Salvaged bits from other lives and stories that live on.

It’s Still A Beautiful World

That there is still decency and kindness in the world.This morning on the downtown eastside I sat in my locked car at a busy intersection and witnessed an action that reminded me there is good in people all around us. It also reminded me about judgements.

A woman struggled to get across the busy crossing before the “DON’T WALK “symbol appeared. Confined to a wheel chair and shoeless, she struggled to push the chair forward with her shuffling feet. As she struggled past, I noticed one foot wrapped in bandages and the other covered in a tattered sock.

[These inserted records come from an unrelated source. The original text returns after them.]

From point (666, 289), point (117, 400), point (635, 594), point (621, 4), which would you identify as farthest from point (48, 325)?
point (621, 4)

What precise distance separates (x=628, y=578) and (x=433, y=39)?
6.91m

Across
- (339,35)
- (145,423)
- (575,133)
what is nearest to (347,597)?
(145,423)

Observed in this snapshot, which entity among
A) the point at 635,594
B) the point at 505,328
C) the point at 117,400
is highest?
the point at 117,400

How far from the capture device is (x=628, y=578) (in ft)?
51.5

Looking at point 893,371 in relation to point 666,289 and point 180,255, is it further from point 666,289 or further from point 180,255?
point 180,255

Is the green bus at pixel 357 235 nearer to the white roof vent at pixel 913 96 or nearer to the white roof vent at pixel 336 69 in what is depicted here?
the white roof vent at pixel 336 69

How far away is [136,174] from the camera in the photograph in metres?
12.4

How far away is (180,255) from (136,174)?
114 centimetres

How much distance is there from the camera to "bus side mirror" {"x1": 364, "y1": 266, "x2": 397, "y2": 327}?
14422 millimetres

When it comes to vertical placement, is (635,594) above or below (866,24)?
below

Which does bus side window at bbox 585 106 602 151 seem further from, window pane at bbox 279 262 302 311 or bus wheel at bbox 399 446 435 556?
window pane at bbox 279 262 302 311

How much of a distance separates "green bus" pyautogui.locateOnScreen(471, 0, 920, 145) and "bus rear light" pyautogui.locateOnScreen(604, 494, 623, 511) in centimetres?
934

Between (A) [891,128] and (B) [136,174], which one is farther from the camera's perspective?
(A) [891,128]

Suddenly, out from the shadowy streets ran a man, an oddity with his own set of issues. Long hair a mess, eyes unfocused; he jittered forth. This man noticed the woman in the wheelchair and paused. As he bent to whisper words in her ear, he grabbed the handles at the back of the wheelchair and silently pushed the chair through the cross walk to safety, leaving the somewhat surprised woman to negotiate the edge between road and sidewalk. A random act of kindness and compassion toward another.

In fact, I saw several acts of compassion on the downtown eastside from vendors offering a cup of Joe to marginalized people outside the trending coffee shops to two city police officers that knelt beside a forlorn man seated on a blanket. They gently spoke with him.

A reminder to look beneath the surface. One man’s random wish to help another human navigate through this often confused and chaotic world made a view outside the car window a whole lot brighter.

What will you see today and who will you help?

 

Alice Reflects

This is a “flashback” written in “Alice’s” POV. She is in the kitchen, recalls her son. Hope you enjoy reading this passage.

Alice stood in the kitchen and gazed through the window. It was oddly quiet for five o’clock, suppertime. The children from the neighbouring yard were silent. Thank God, she mused. Most afternoons, the neighbour’s offspring tussled and tumbled about the fence line. Their play stretched on for hours. Out of control crossed her mind. This thought from a woman who believed children should be seen and not heard. Alice lit the stove’s burner, felt the heat leap forth to warm her cold hand. She dropped the matchstick. All day she’d felt chilled, out of sorts.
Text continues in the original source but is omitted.